Let $y_i$ follow $\operatorname{Bin}(n_i,p_i)$ and for $p_i$ we consider the logit quadratic model: $$\log\frac{p_i}{1-p_i}=\beta_0+\beta_1A_i+\beta_2(A_i-\operatorname{mean}A)^2$$ where $A_i$ is AGE_i during the $i$th time.

It is part of example 9.3 from the book Bayesian Computation With R, but with a twist in the regression formula.

The question is:

If the regression vector is $\beta=(\beta_0,\beta_1,\beta_2)$ has a uniform noninformative prior write an R code to compute the logarithm of the posterior density of $\beta$.

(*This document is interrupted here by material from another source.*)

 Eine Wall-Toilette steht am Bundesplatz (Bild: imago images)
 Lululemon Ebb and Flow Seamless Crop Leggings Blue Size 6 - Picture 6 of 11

Question: How is the posterior density is computed without R?

Attempt: $$p(y_i|p_I)={n_i\choose y_i}p_i^{y_i}(1-p_i)^{n_i-y_i}=\operatorname{Beta}(y_i+1,n_i-y_i+1)$$ and the prior is $$p(p_i)\propto 1 \,.$$ Then $$p(p_i|y_i)\propto p(y_i|p_i)p(p_i)=\operatorname{Beta}(y_i+1,n_i-y_i+1)$$

Is this correct? I think there is something missing because I did not use the vector $\beta$.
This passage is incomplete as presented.